If you work outdoors during the summer months, you may be at risk for illness due to exposure to the heat. There are several types of heat illnesses. Heat stroke and heat exhaustion are common and often serious, with the former being the most severe.
Heat illness is a medical emergency. It is sometimes serious enough to cause death. The Occupational Safety and Health Administration explains what you can do to protect yourself from heat illness even when you have to work outside.
1. Wear appropriate clothing
Your body cools itself by producing sweat that lowers your temperature via the process of evaporation. If your clothing is not breathable, your sweat cannot evaporate and the cooling mechanism does not work the way it should. Therefore, wear loose-fitting clothing made of lightweight, breathable fabric to allow air to circulate next to your skin. Dark colors absorb heat from the sun, so try to wear light colors.
2. Stay hydrated
Exposure to heat can cause you to become dehydrated. When this happens, your body cannot produce enough sweat to regulate its temperature, and heat illness can result.
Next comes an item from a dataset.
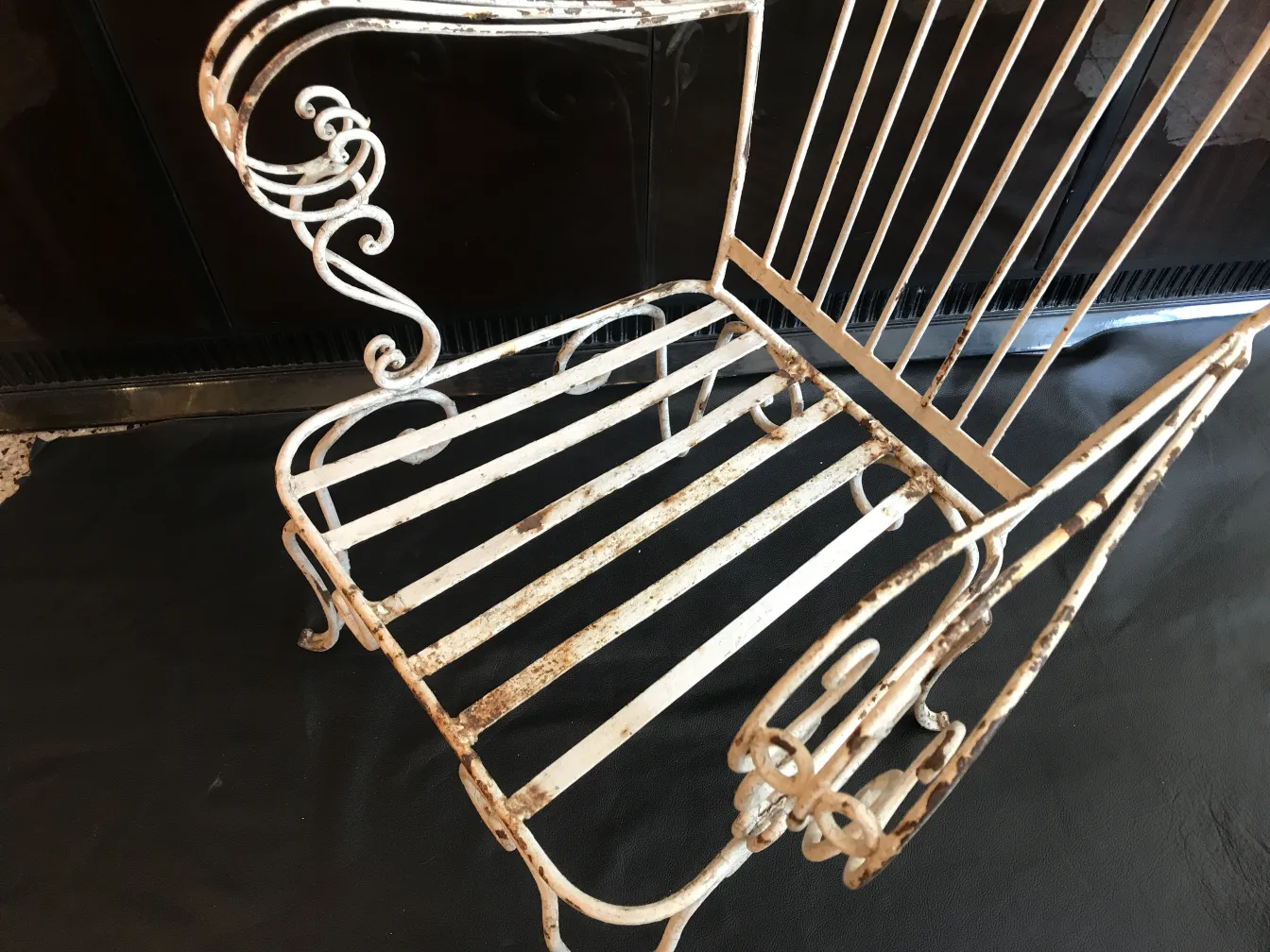 4 elegante antike Garten-Sessel in Weiß, mit schmiedeeisernen Verzierungen.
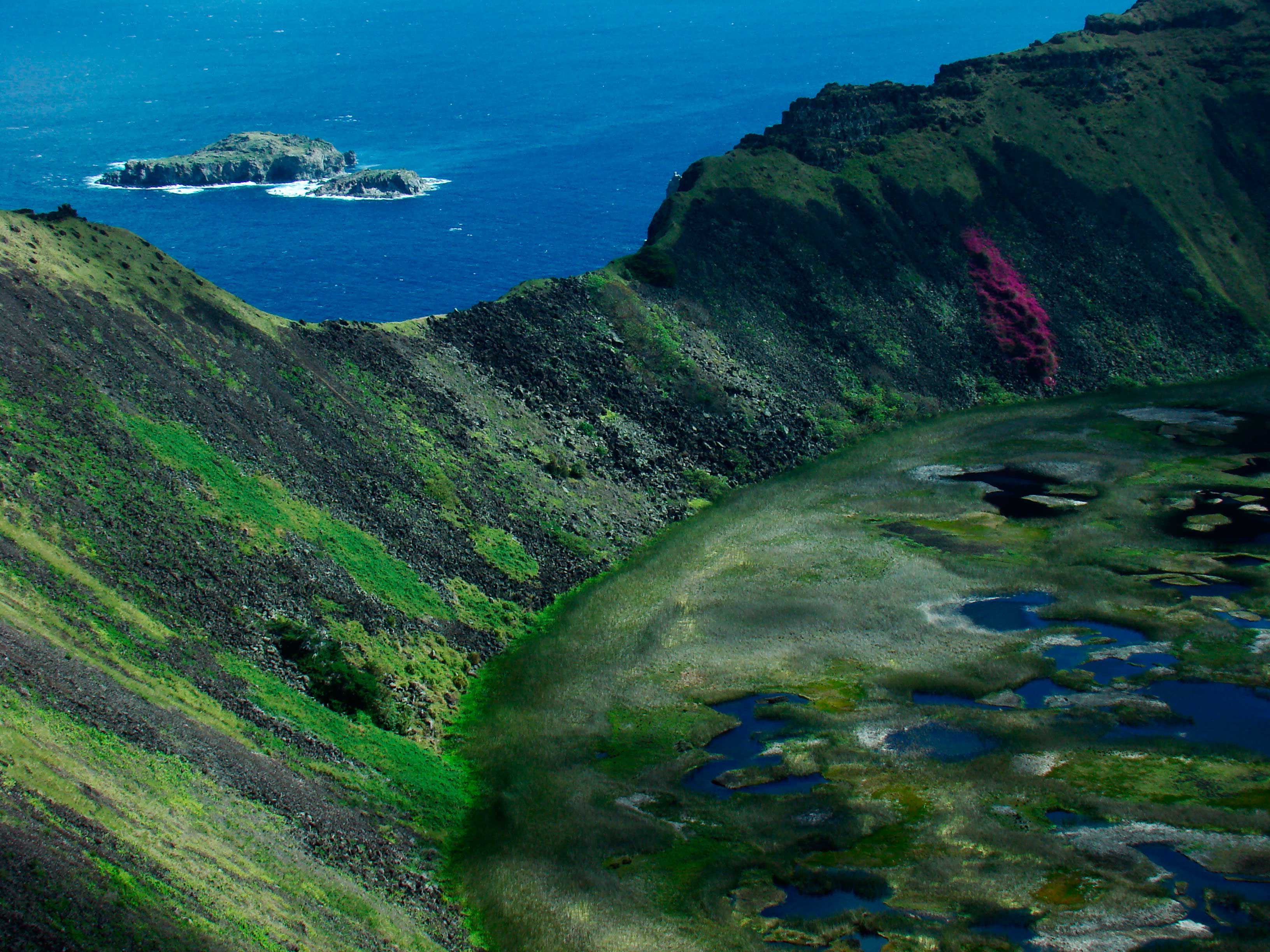 Volcan Rano Kau, por Ricardo Jara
Be sure to drink plenty of fluids before and during your shift. However, avoid any beverages containing alcohol or caffeine. These are diuretics that may actually contribute to dehydration rather than combatting it.
3. Stay out of direct sunlight
As much as possible, keep to the shady areas and try to stay out of the sun while you are working. Depending on the type of work you do, you may be able to minimize your exposure to direct sunlight by wearing a wide-brimmed hat.